DONALD TRUMP’S indictment for trying to overturn the 2020 presidential election will only emphasise the US’s ongoing crisis of legitimacy.
Given the dominance of the United States over the political West — which has grown stronger even as its global clout has waned — there will be consequences this side of the Atlantic too.
The US state is understandably keen to thoroughly discredit an out-of-control ex-president who showed scant regard for political conventions or the law, national or international — and, much worse, was open about it.
US presidents routinely break international law — through invasions, illegal sanctions, murder by drone — but none but Trump would casually mortify the whole Nato establishment by admitting that oil interests were the sole reason for military intervention in Syria, and for Washington’s obsession with regime change in Venezuela.
Trump’s ongoing denial that the 2020 election result was valid strikes at the heart of the US political system. The evidence that he was consciously trying to subvert it is strong. On those grounds his prosecution makes sense.
But that doesn’t mean it will work.
Trump’s large and angry fan base was maintained through a disastrous presidency. He remains by far the favourite to be Republican candidate for president next time — a New York Times/Siena College poll this week put him on 54 per cent support among likely voters in that contest, with the second-placed candidate Ron DeSantis on 17 per cent.
Since his defeat it has been difficult for Republican candidates to win nomination if they distance themselves from him, or express scepticism about his stolen election narrative. One of the two main parties of US capitalism has been taken over.
That points to the scale of resentment across the US at perceived political elites — and at the left’s failure to mobilise it in a socialist direction.
There was a time when the Trump-Bernie Sanders polarisation seemed analogous to the Boris Johnson-Jeremy Corbyn divide in Britain.
Those days are gone. Sanders and the “squad” of left-wing congresswomen have been incorporated into mildly critical support for the Biden presidency, something made easier by their general support for US imperialism abroad.
Here, Corbyn’s own consistent anti-imperialism rules out any such accommodation, but a similar process is evident among those of his former supporters who remain in Labour.
The main difference between Britain and the US is that here the insurgency has been quashed on right and left. But even that is misleading. If the “centrists” are back in charge, they have become a lot more like the far right in the process.
Rishi Sunak might present himself as a sober-minded manager of the status quo — as does Keir Starmer — but in ripping up long-accepted rights to protest or to strike and casting aside international conventions on refugees, he is fronting a hard-right assault on democratic rights more thorough than Trump’s.
And that vicious, hate-mongering, uber-authoritarian Tory Party is the one whose policies Labour shadows closely.
A Labour that says it will allow Tory policing laws to “bed in” and scaremongers over boat arrivals does not promise even a Biden-style shift.

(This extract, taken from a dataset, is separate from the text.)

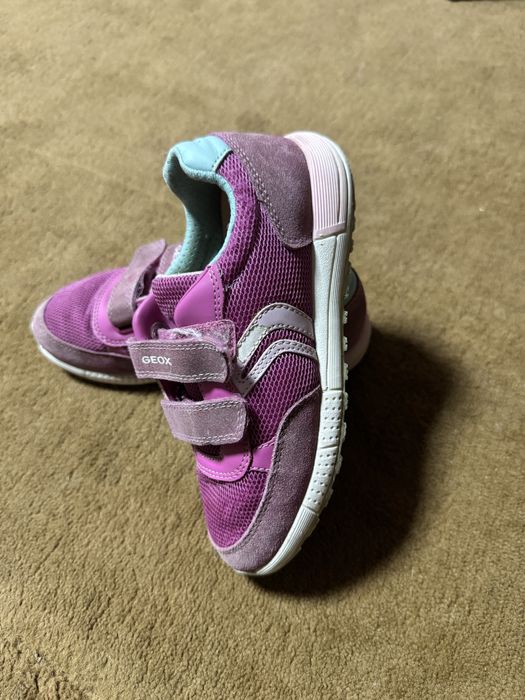 Детская обувь для девочки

If Trumpism remains a force in US politics, something with many of its worst features now dominates at Westminster, where the priority is not exploiting popular discontent but silencing it.
Even if jailed, Trump could still run again for president. The implications for US stability are hard to assess, and may make the state even more erratic and aggressive on the world stage.
Britain’s tragedy is a cross-party political elite who could follow a Trump Take Two presidency as easily as a Democrat administration. All the more reason a real, left opposition must be built — not just to privatisation and pay cuts at home, but to our servile relationship with US imperialism.